** Opening Record set block **

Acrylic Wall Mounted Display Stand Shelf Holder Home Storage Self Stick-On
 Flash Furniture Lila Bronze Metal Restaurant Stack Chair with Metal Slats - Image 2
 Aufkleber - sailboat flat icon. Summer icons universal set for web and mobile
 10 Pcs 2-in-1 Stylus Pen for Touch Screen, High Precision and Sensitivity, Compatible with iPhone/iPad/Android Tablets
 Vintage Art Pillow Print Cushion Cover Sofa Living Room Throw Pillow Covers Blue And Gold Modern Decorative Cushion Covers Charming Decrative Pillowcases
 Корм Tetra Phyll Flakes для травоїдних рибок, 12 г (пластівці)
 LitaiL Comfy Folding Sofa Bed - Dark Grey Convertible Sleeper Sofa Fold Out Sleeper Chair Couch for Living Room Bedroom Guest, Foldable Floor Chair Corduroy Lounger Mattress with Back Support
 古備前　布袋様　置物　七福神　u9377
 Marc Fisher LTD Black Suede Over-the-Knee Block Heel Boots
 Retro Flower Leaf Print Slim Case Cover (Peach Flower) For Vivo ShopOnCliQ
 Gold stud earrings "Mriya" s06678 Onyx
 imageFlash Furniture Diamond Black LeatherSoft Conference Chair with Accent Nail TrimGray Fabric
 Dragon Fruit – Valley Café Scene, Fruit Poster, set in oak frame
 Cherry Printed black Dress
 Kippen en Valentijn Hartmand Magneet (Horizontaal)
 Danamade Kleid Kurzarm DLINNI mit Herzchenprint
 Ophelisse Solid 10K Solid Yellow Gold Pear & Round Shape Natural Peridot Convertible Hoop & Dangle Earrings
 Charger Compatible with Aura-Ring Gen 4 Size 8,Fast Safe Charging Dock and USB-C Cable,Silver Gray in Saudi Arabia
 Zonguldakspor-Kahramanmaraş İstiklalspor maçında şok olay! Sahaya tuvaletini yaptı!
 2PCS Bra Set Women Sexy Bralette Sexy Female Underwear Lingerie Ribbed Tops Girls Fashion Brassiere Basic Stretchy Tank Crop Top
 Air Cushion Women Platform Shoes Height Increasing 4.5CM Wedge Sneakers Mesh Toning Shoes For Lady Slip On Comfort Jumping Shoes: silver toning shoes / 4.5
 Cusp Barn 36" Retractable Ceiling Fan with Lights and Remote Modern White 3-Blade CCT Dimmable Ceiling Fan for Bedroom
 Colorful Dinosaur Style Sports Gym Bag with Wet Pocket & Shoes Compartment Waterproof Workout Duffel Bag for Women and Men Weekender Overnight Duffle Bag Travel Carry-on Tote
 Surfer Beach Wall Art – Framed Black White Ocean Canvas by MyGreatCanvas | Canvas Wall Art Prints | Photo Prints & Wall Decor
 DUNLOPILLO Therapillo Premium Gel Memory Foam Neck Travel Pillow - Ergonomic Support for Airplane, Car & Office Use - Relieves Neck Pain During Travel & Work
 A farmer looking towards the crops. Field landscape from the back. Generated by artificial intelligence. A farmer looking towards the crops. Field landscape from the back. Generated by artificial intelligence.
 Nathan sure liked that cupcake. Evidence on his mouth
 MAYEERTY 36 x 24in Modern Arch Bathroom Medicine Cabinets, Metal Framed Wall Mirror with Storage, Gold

** Closing Record set block **

Brief:
Going down the listing above, begin printing at the line with "Aufkleber - sailboat" and finish with the line with "Zonguldakspor-Kahramanmaraş İstiklalspor maçında", exactly as they appear.

Response to the task:
 Aufkleber - sailboat flat icon. Summer icons universal set for web and mobile
 10 Pcs 2-in-1 Stylus Pen for Touch Screen, High Precision and Sensitivity, Compatible with iPhone/iPad/Android Tablets
 Vintage Art Pillow Print Cushion Cover Sofa Living Room Throw Pillow Covers Blue And Gold Modern Decorative Cushion Covers Charming Decrative Pillowcases
 Корм Tetra Phyll Flakes для травоїдних рибок, 12 г (пластівці)
 LitaiL Comfy Folding Sofa Bed - Dark Grey Convertible Sleeper Sofa Fold Out Sleeper Chair Couch for Living Room Bedroom Guest, Foldable Floor Chair Corduroy Lounger Mattress with Back Support
 古備前　布袋様　置物　七福神　u9377
 Marc Fisher LTD Black Suede Over-the-Knee Block Heel Boots
 Retro Flower Leaf Print Slim Case Cover (Peach Flower) For Vivo ShopOnCliQ
 Gold stud earrings "Mriya" s06678 Onyx
 imageFlash Furniture Diamond Black LeatherSoft Conference Chair with Accent Nail TrimGray Fabric
 Dragon Fruit – Valley Café Scene, Fruit Poster, set in oak frame
 Cherry Printed black Dress
 Kippen en Valentijn Hartmand Magneet (Horizontaal)
 Danamade Kleid Kurzarm DLINNI mit Herzchenprint
 Ophelisse Solid 10K Solid Yellow Gold Pear & Round Shape Natural Peridot Convertible Hoop & Dangle Earrings
 Charger Compatible with Aura-Ring Gen 4 Size 8,Fast Safe Charging Dock and USB-C Cable,Silver Gray in Saudi Arabia
 Zonguldakspor-Kahramanmaraş İstiklalspor maçında şok olay! Sahaya tuvaletini yaptı!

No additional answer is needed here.